* Information shown
******

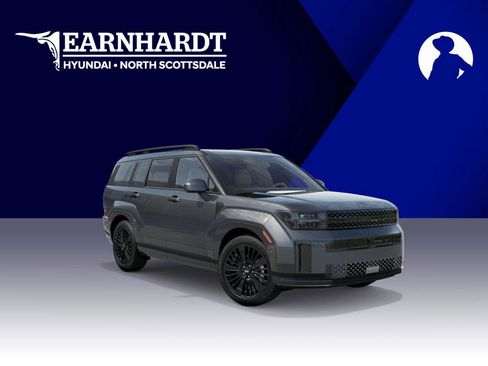 New 2026 Hyundai Santa Fe Calligraphy FWD image 2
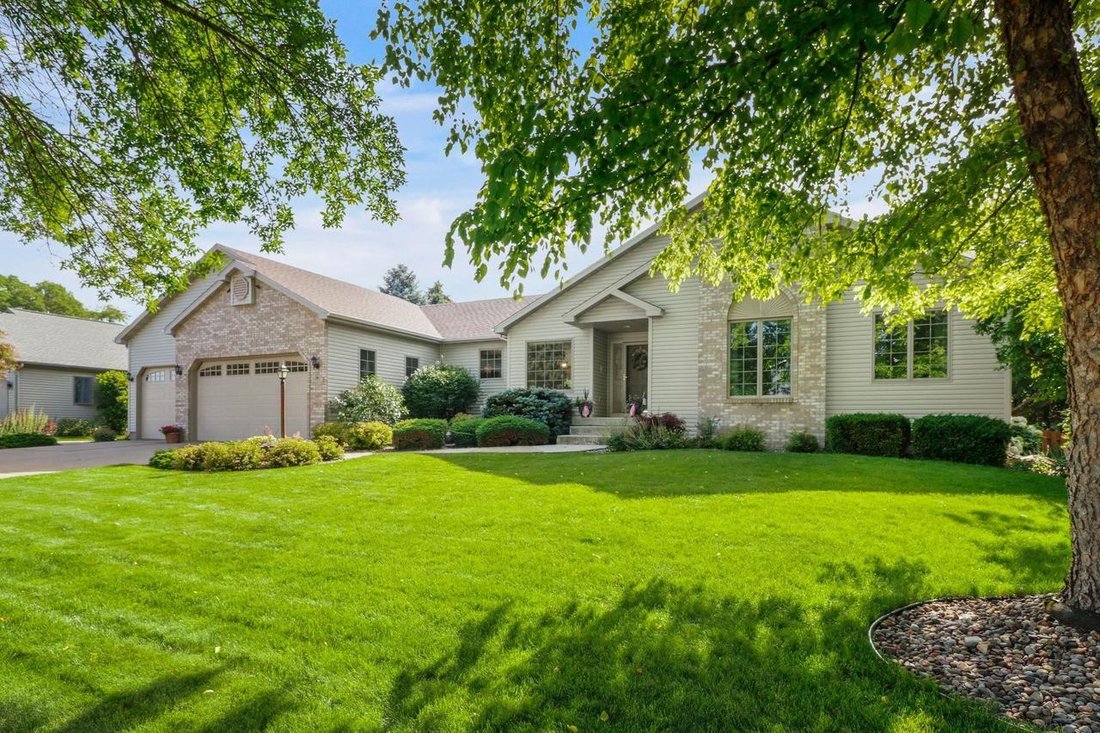 House in Sun Prairie, Wisconsin, United States 2 - 18365524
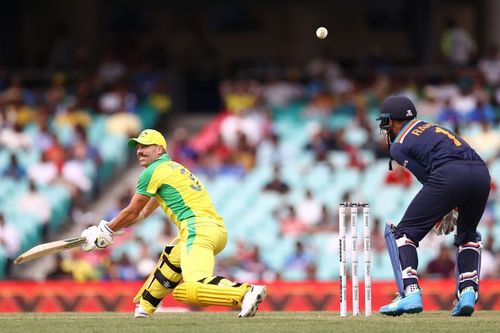 Australia v India - ODI Game 2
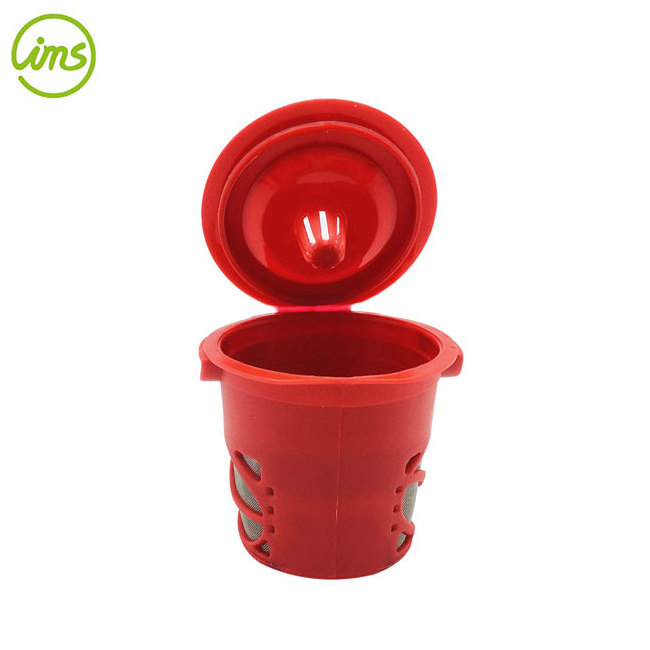 PP Capsules Coffee Filter K Cup For Coffee Machine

******

* Assignment
Copy the full listing above exactly, apart from the pictures.

* Result of the task
 New 2026 Hyundai Santa Fe Calligraphy FWD image 2
 House in Sun Prairie, Wisconsin, United States 2 - 18365524
 Australia v India - ODI Game 2
 PP Capsules Coffee Filter K Cup For Coffee Machine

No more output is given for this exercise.